But as it turned out, stout defense and a stellar shooting night from Santiago Vescovi was all the Vols needed as they cruised to an easy win over the Razorbacks in Thompson-Boling Arena.
Tennessee’s defense dispatched Mason Jones, the SEC’s leading scorer, with ease. He finished with just nine points on 1-of-10 shooting. Jimmy Whitt Jr. finished the night as the Razorbacks’ top scorer with 19 points of his own.
Vescovi led the way for Tennessee with 20 points on 6-of-10 shooting, including 3-of-4 from downtown, and 5-of-6 from the charity stripe.
It wasn’t just Vescovi and the defense, though. The entire offense played pretty well throughout the entire night, evidenced by 82 points on 51 percent shooting. The Vols had four other players score at least 10 points.

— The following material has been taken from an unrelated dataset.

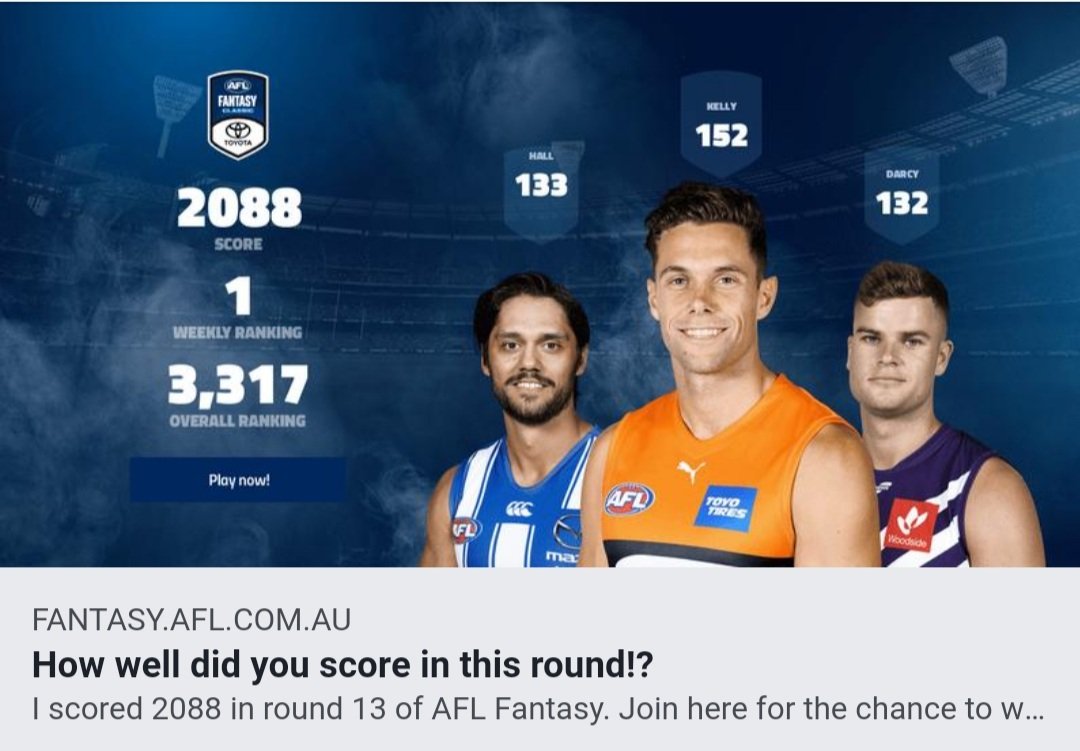 Thanks #AFLFantasy - already received the weekly winner prize! 
Soaking it up now cause R14 won't be so pretty!
<a href="/AFLFantasy/">AFL Fantasy</a>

Things didn’t start off so well for the Vols as Jalen Johnson turned it over on the first possession and Desi Sills drained a 3 on the other side to give the Razorbacks a 3-0 lead. Fortunately, Jordan Bowden hit one from the top of the key on the next possession to tie the game up.

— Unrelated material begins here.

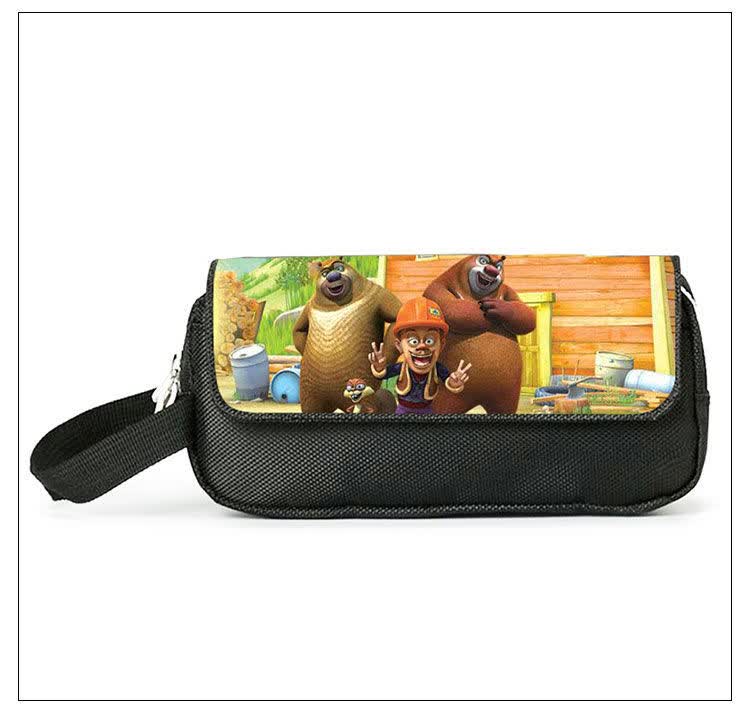 译古 熊出没动画同款笔袋 学生卡通创意文具盒 熊大熊二光头强翻盖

Sloppy play followed over the next minute or so until Bowden broke the tie with a jumper. Good defense and an assist from Vescovi to John Fulkerson gave the Vols a 7-3 lead, but Reggie Chaney made a layup to bring Arkansas back within two points with 16:45 left in the first half.
Tennessee maintained a four-point lead over the next five minutes or so, but it was only a 10-6 lead. Neither team was playing well. Both teams were a combined 1-of-6 after starting 5-of-9 during the first 3:15 of the game. Turnovers were an issue for both teams, too. Arkansas had eight and Tennessee had six. That’s simple math.

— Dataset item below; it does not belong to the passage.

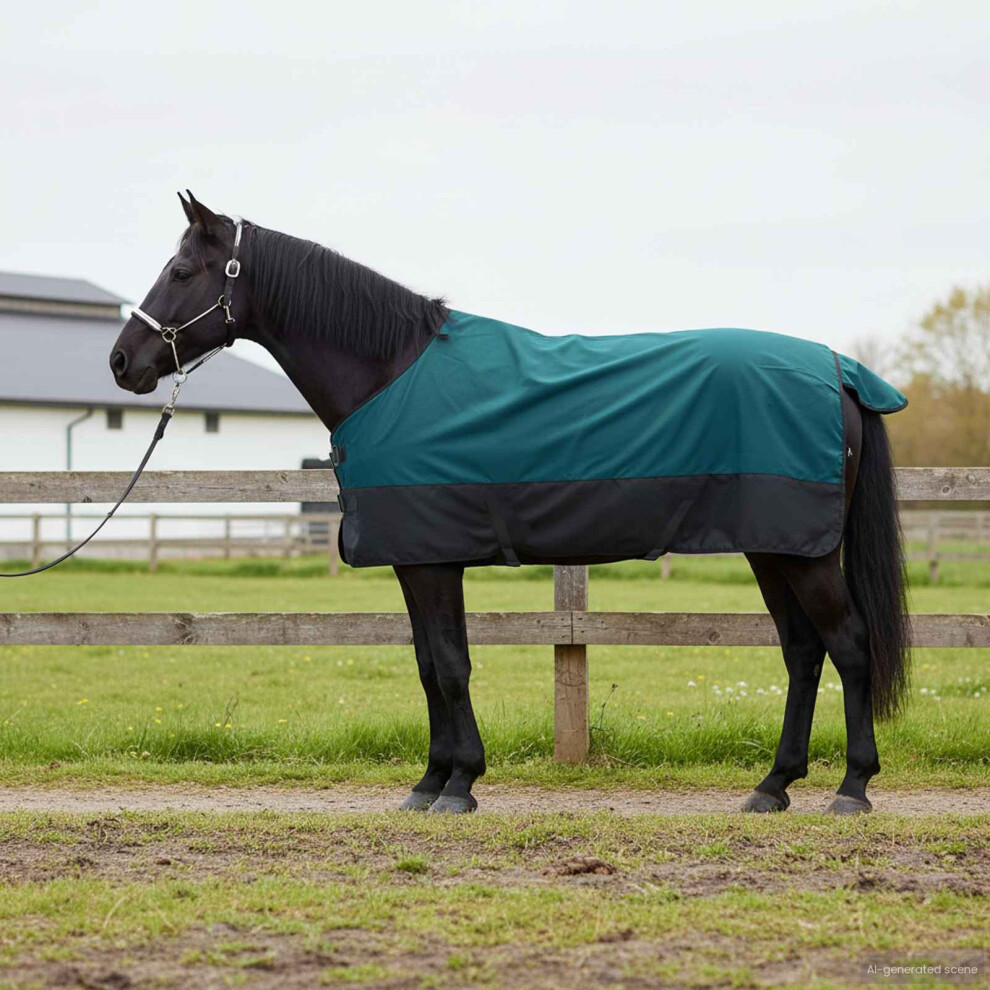 Vidaxl Horse Blanket Dark Green And Black 125 Cm Polyester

Some shots started to fall for Tennessee, which allowed Rick Barnes’ group to go on an 8-0 run and build a 16-6 lead. The Razorbacks also managed to not make a single bucket for about 7:45. I’m serious. Arkansas didn’t make a shot for almost eight minutes. The lone point was a made free throw from earlier in the half.
Jimmy Whitt Jr. ended the misery for the Razorbacks, but Tennessee continued to pour it on. Vescovi led the way with eight points as he and the offense scored 11 minutes over a two-minute span to put the Vols ahead, 28-13 with 6:22 left in the first half.
Arkansas was just trying too hard and it was showing. At this point in the game, the Razorbacks had more combined turnovers and fouls (20) than they did shot attempts (18).
Tennessee’s defense was not letting Arkansas get anything done in the paint. The Vols’ lead eventually grew to 19 as they went into halftime up, 40-23.
Jones had just seven points on 1-of-9 shooting. His lone bucket was a three-point shot earlier in the game. The Vols were doing an excellent job of rallying to him whenever he received the ball and the rest of the team couldn’t compensate. Jones still led the team in scoring despite the low output and the end result was a season-low 23 first-half points to go along with 32 percent shooting.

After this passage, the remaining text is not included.